> WHAT IS BEING ASKED:
Only an exact copy of the entries, stripped of pictures, will serve as the answer.
+++
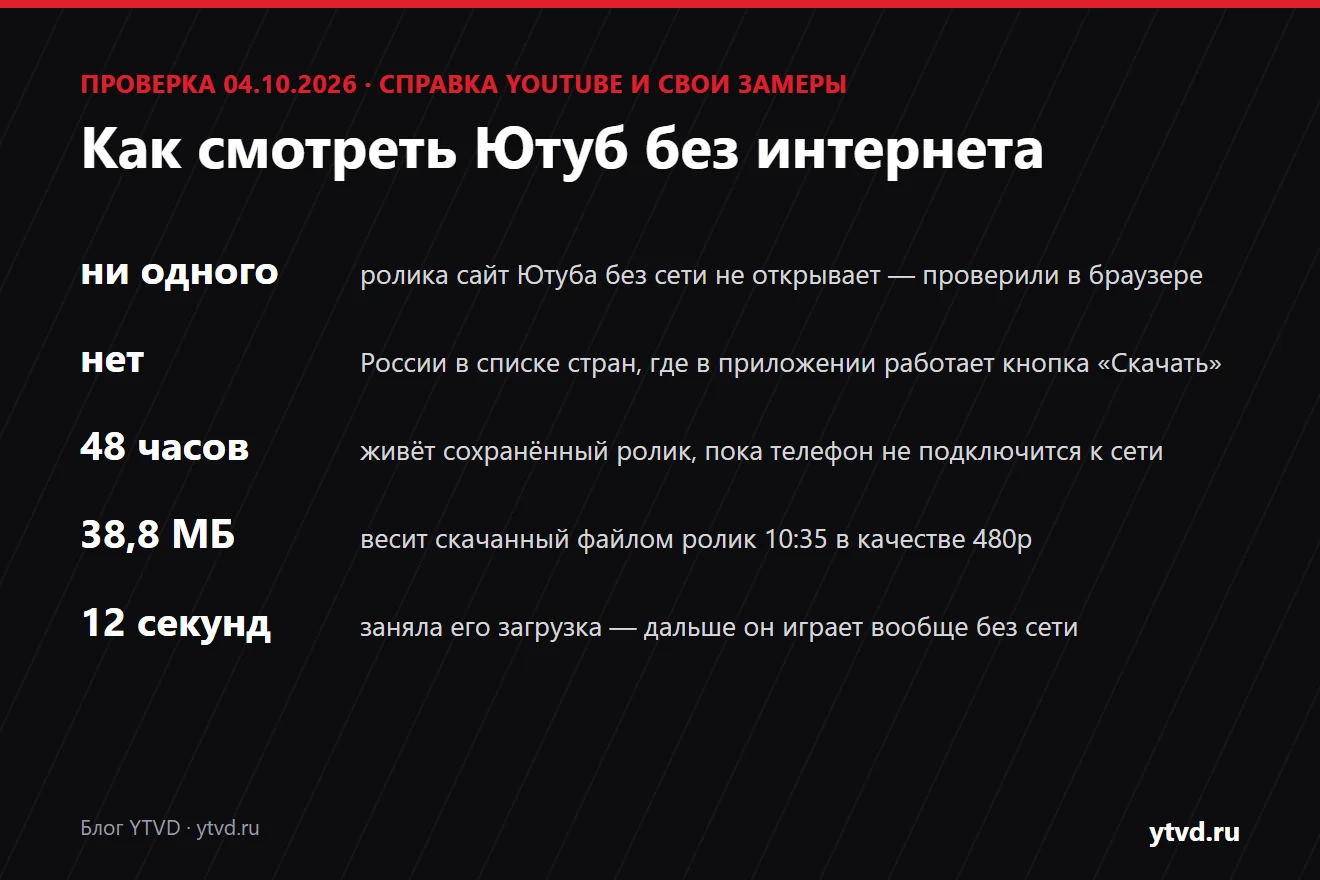 Обложка статьи: ни одного ролика сайт Ютуба без сети не открывает, России нет в списке стран с кнопкой «Скачать», сохранённый ролик живёт 48 часов, файл на 10 минут в 480p весит 38,8 МБ
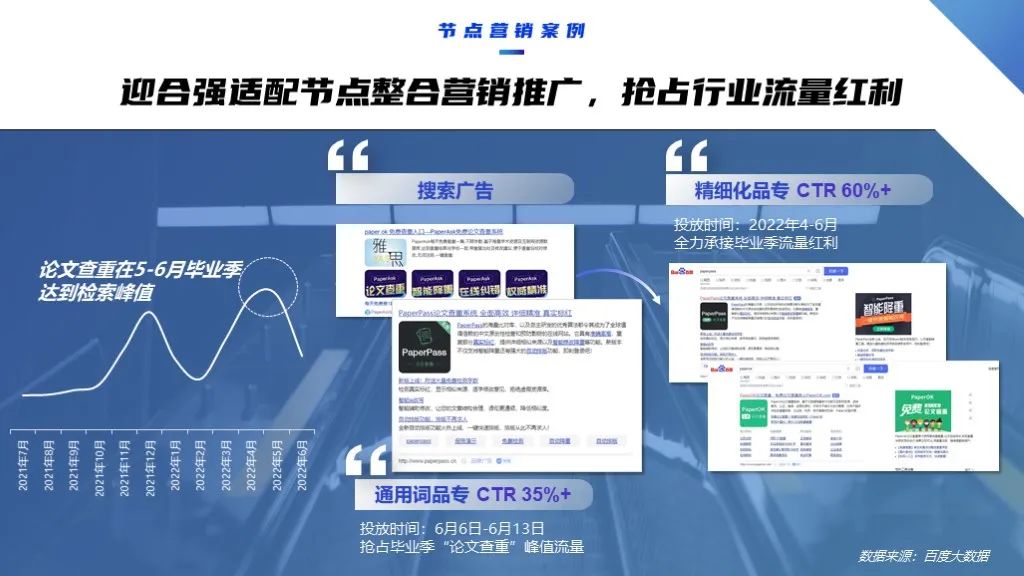 2022軟件行業(yè)品牌營銷攻艱策略（圖30）
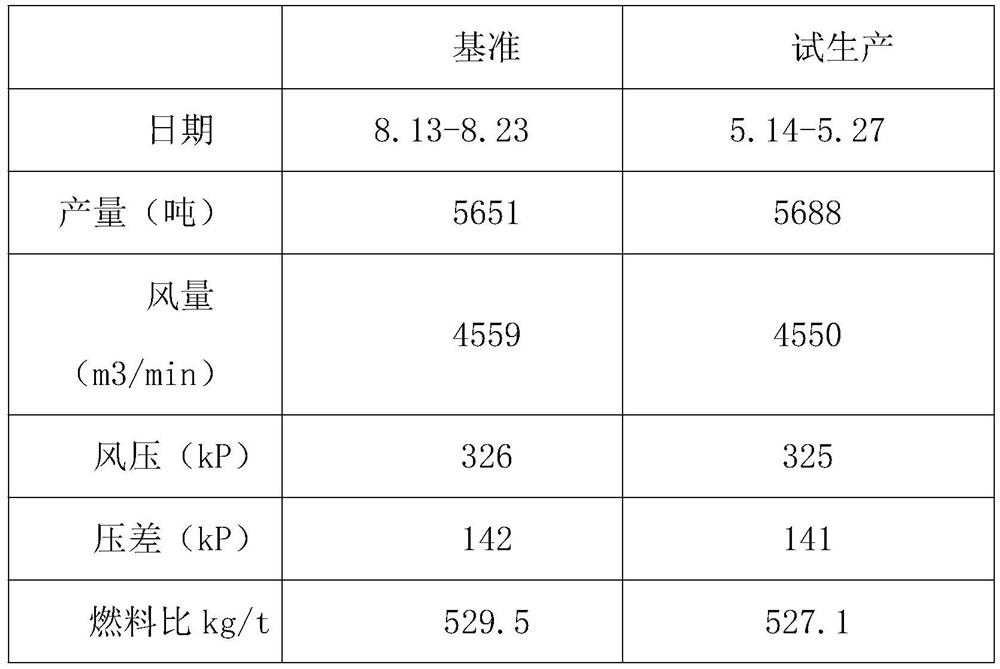 Novel process method of co-processing iron hazardous waste briquettes by blast furnace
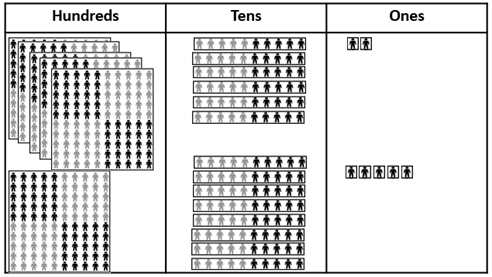 Image of a three-column place value board and place value people being used to model 562 + 185.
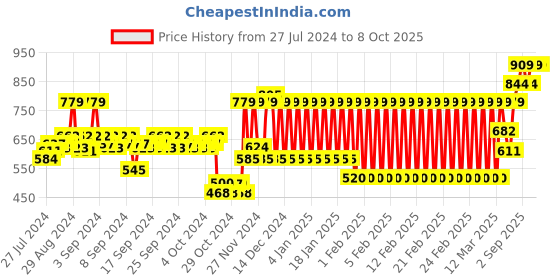 ajio.com h by hamleys Pack of 3 Printed Bodysuit h by hamleys Price History Graph from 27 Jul 2024 to 4 Oct 2025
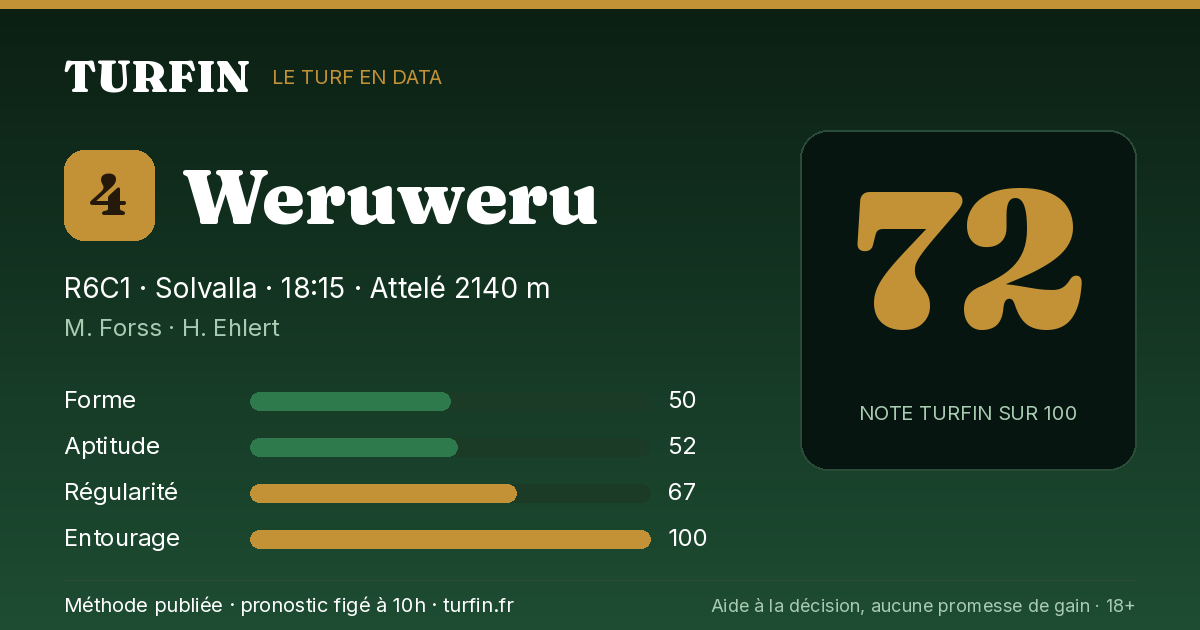 Weruweru, noté 72 sur 100 par Turfin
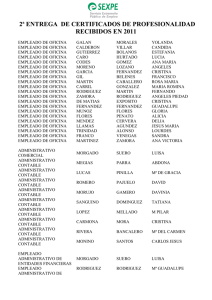 2ª entrega de certificados de profesionalidad recibidos en 2011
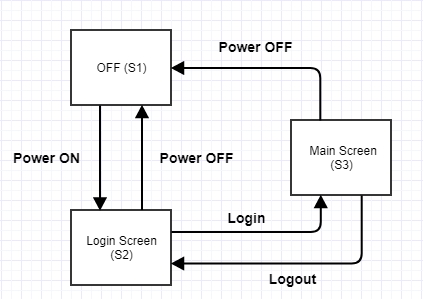 state_transition_5_1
+++
> THE COMPLETED TASK:
 Обложка статьи: ни одного ролика сайт Ютуба без сети не открывает, России нет в списке стран с кнопкой «Скачать», сохранённый ролик живёт 48 часов, файл на 10 минут в 480p весит 38,8 МБ
 2022軟件行業(yè)品牌營銷攻艱策略（圖30）
 Novel process method of co-processing iron hazardous waste briquettes by blast furnace
 Image of a three-column place value board and place value people being used to model 562 + 185.
 ajio.com h by hamleys Pack of 3 Printed Bodysuit h by hamleys Price History Graph from 27 Jul 2024 to 4 Oct 2025
 Weruweru, noté 72 sur 100 par Turfin
 2ª entrega de certificados de profesionalidad recibidos en 2011
 state_transition_5_1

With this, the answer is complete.